### EXERCISE
In the data below, set down exactly the lines from the one containing "Fish in an aquarium" up to and including the one containing "COAST LIVE OAK RIPARIAN FOREST". Leave the pictures out.

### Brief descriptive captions
══════
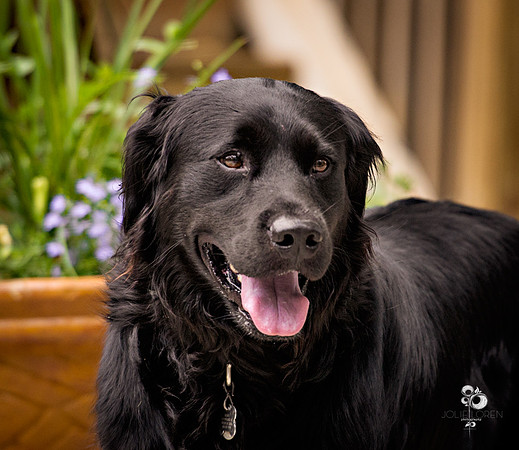 doggies_56_web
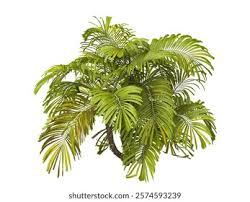 Image result for Cucumis engleri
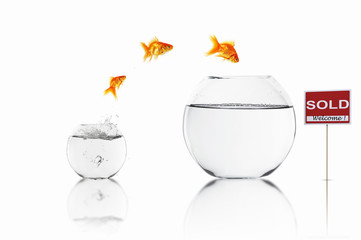 Fish in an aquarium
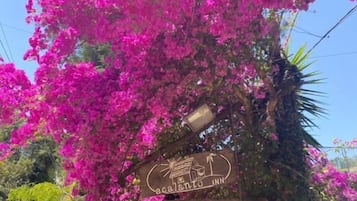 Entrada de l'allotjament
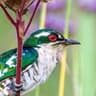 Diederik Cuckoo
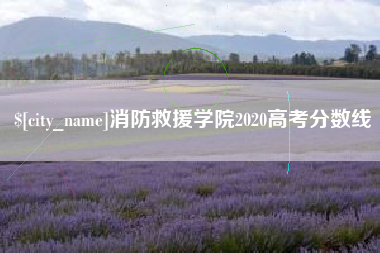 海口消防救援学院2020高考分数线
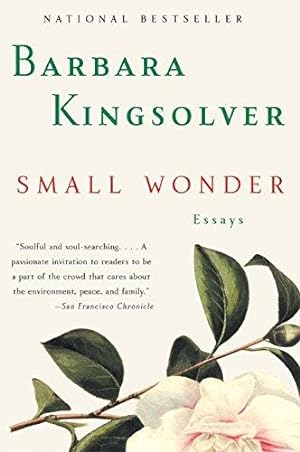 Immagine del venditore per Small Wonder: Essays venduto da WeBuyBooks
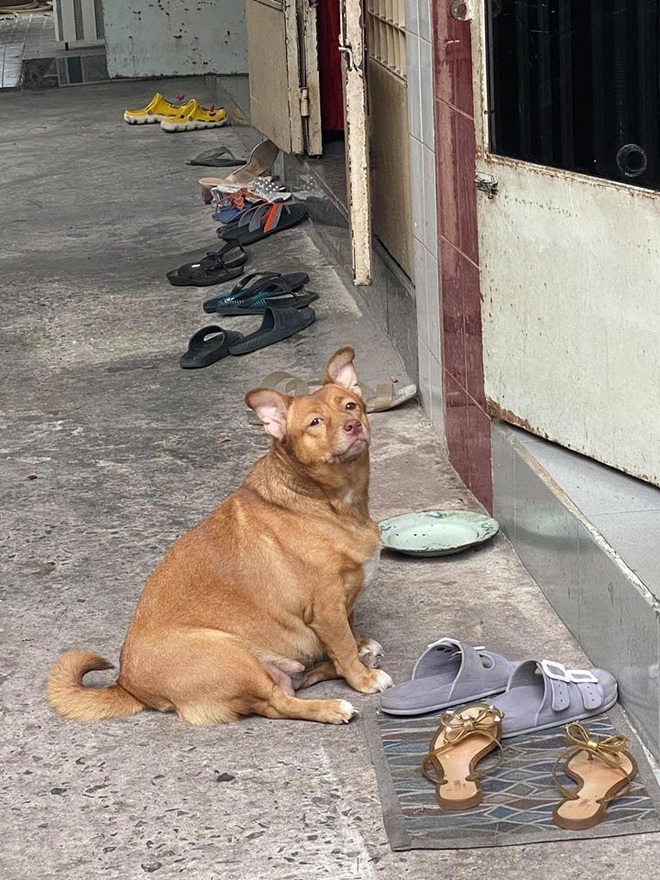 Đại boss tận dụng từng khách hàng của sen để kiếm ăn, ngày nào cũng đi thu họ đều đặn - Ảnh 5.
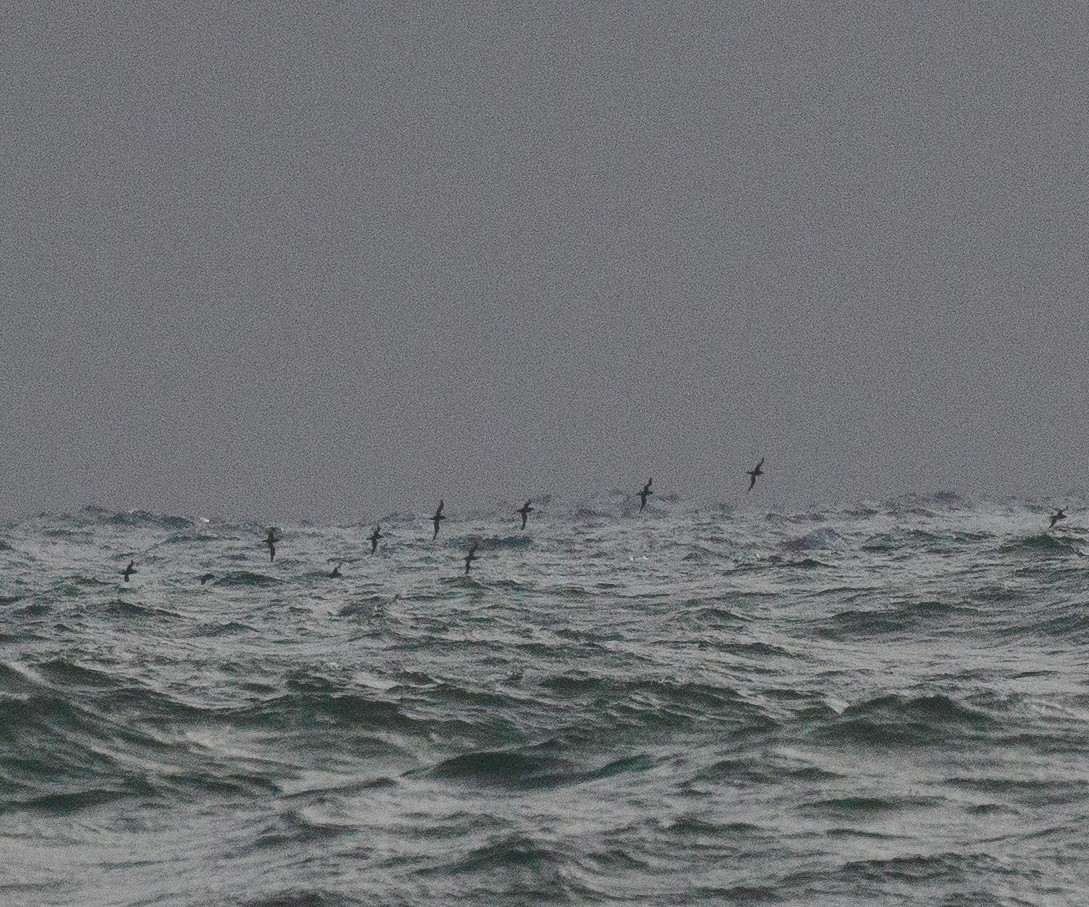 Wedge-tailed Shearwater - ML629846485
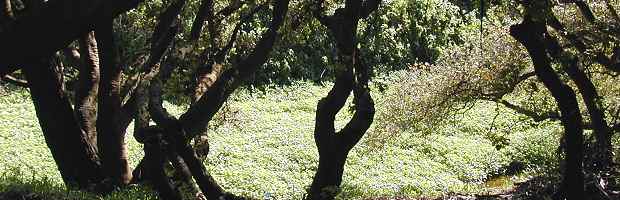 COAST LIVE OAK RIPARIAN FOREST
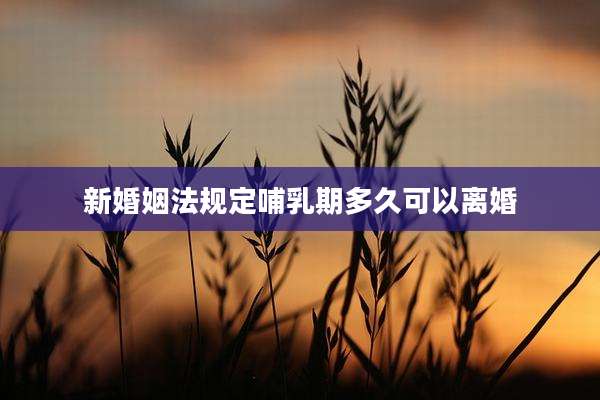 新婚姻法规定哺乳期多久可以离婚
══════
### EXERCISE ANSWER
 Fish in an aquarium
 Entrada de l'allotjament
 Diederik Cuckoo
 海口消防救援学院2020高考分数线
 Immagine del venditore per Small Wonder: Essays venduto da WeBuyBooks
 Đại boss tận dụng từng khách hàng của sen để kiếm ăn, ngày nào cũng đi thu họ đều đặn - Ảnh 5.
 Wedge-tailed Shearwater - ML629846485
 COAST LIVE OAK RIPARIAN FOREST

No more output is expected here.